→ **Information given**:
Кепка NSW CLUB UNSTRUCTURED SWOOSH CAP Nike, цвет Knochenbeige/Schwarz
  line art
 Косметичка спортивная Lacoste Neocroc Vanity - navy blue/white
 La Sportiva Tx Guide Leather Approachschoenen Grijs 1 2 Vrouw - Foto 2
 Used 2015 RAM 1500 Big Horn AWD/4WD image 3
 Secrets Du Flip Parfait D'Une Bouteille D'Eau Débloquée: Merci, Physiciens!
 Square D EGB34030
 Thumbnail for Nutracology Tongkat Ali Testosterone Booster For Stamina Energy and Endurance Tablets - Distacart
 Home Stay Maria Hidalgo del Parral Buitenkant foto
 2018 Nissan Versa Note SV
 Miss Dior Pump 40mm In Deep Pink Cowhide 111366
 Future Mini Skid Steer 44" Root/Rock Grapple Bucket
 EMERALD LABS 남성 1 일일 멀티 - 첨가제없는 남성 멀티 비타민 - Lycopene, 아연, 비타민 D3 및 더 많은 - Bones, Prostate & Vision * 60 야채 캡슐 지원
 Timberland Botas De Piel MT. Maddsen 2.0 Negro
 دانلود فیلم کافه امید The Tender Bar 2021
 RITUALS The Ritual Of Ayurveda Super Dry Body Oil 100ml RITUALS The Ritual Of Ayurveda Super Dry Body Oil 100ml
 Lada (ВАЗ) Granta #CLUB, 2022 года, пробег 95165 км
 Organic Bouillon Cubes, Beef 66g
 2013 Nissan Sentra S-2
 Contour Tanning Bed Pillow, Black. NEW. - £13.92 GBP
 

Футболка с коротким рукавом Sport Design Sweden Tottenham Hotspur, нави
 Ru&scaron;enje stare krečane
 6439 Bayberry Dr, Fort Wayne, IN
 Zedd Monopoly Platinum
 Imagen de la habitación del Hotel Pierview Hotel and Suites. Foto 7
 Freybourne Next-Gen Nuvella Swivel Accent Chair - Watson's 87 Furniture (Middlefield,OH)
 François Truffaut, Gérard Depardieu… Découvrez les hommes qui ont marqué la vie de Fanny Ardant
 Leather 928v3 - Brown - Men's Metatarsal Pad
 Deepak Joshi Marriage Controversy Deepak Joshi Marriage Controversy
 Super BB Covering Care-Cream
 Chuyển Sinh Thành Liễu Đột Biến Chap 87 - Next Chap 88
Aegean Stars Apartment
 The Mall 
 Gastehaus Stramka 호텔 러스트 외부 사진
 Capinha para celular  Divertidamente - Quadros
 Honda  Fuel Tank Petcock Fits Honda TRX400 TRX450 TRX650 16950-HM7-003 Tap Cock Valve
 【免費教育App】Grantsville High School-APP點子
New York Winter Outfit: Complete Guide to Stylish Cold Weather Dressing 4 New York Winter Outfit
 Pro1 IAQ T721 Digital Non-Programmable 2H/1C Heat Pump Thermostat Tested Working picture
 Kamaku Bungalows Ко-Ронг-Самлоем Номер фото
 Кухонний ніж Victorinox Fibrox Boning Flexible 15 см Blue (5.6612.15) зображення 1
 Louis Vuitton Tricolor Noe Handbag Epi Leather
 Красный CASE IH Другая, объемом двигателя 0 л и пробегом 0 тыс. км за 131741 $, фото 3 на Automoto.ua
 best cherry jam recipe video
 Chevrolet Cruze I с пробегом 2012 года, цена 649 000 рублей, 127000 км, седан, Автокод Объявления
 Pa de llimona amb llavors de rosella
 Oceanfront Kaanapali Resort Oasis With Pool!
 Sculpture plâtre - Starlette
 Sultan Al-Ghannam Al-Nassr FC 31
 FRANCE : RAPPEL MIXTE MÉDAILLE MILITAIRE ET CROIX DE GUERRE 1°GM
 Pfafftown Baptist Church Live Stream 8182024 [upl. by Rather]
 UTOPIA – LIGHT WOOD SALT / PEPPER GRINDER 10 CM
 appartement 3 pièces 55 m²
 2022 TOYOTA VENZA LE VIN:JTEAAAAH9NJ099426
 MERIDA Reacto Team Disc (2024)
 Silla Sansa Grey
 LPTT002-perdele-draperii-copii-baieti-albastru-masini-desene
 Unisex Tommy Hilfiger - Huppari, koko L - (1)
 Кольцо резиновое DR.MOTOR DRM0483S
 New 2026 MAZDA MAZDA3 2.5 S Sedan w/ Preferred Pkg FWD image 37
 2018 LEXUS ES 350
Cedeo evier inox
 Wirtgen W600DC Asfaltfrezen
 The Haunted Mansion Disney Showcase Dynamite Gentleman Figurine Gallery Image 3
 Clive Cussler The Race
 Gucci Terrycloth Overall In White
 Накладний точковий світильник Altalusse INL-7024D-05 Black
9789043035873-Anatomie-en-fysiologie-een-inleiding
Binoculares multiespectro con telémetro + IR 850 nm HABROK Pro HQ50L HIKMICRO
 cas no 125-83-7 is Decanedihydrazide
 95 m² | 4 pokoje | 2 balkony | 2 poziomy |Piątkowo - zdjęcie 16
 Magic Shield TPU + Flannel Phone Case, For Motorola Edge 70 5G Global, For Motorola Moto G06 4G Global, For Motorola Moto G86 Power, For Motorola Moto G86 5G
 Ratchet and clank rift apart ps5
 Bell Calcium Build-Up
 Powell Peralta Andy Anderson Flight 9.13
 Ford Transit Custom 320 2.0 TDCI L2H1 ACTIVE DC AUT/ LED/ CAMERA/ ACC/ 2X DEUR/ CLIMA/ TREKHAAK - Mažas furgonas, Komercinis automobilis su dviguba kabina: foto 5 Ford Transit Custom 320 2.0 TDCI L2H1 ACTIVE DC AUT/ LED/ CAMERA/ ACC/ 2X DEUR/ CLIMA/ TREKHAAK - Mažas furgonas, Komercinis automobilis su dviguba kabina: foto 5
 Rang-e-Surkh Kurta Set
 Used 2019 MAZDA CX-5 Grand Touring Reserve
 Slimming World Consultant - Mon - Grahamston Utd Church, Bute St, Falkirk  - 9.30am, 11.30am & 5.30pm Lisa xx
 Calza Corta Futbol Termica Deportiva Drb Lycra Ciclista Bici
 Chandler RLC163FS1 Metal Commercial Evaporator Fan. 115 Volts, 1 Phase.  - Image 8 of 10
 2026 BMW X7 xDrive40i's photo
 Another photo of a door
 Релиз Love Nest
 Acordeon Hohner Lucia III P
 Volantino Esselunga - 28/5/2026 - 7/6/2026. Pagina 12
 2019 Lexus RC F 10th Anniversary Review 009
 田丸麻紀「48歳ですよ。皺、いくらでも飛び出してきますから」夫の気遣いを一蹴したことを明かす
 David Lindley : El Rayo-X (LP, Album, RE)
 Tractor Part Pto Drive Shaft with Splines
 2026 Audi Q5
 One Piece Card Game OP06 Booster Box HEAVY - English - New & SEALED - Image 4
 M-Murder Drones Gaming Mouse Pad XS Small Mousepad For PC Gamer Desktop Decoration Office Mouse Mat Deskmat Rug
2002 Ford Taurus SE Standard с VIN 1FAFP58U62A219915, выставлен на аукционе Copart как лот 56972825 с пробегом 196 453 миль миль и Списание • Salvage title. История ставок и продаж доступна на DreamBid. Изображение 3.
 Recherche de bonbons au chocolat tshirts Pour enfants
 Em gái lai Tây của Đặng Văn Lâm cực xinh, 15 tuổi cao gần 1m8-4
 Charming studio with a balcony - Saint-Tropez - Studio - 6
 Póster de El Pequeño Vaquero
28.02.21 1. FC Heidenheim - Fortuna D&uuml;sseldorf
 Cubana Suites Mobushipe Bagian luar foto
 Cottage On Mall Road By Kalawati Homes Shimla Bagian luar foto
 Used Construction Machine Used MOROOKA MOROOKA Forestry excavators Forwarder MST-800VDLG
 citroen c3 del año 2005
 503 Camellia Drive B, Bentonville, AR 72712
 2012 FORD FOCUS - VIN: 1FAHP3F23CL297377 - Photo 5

→ **Your objective**:
Would you please copy, word for word, everything above from the line containing "Pfafftown Baptist Church" down to the line containing "Bell Calcium Build-Up", those two lines included?

→ **Your response**:
 Pfafftown Baptist Church Live Stream 8182024 [upl. by Rather]
 UTOPIA – LIGHT WOOD SALT / PEPPER GRINDER 10 CM
 appartement 3 pièces 55 m²
 2022 TOYOTA VENZA LE VIN:JTEAAAAH9NJ099426
 MERIDA Reacto Team Disc (2024)
 Silla Sansa Grey
 LPTT002-perdele-draperii-copii-baieti-albastru-masini-desene
 Unisex Tommy Hilfiger - Huppari, koko L - (1)
 Кольцо резиновое DR.MOTOR DRM0483S
 New 2026 MAZDA MAZDA3 2.5 S Sedan w/ Preferred Pkg FWD image 37
 2018 LEXUS ES 350
Cedeo evier inox
 Wirtgen W600DC Asfaltfrezen
 The Haunted Mansion Disney Showcase Dynamite Gentleman Figurine Gallery Image 3
 Clive Cussler The Race
 Gucci Terrycloth Overall In White
 Накладний точковий світильник Altalusse INL-7024D-05 Black
9789043035873-Anatomie-en-fysiologie-een-inleiding
Binoculares multiespectro con telémetro + IR 850 nm HABROK Pro HQ50L HIKMICRO
 cas no 125-83-7 is Decanedihydrazide
 95 m² | 4 pokoje | 2 balkony | 2 poziomy |Piątkowo - zdjęcie 16
 Magic Shield TPU + Flannel Phone Case, For Motorola Edge 70 5G Global, For Motorola Moto G06 4G Global, For Motorola Moto G86 Power, For Motorola Moto G86 5G
 Ratchet and clank rift apart ps5
 Bell Calcium Build-Up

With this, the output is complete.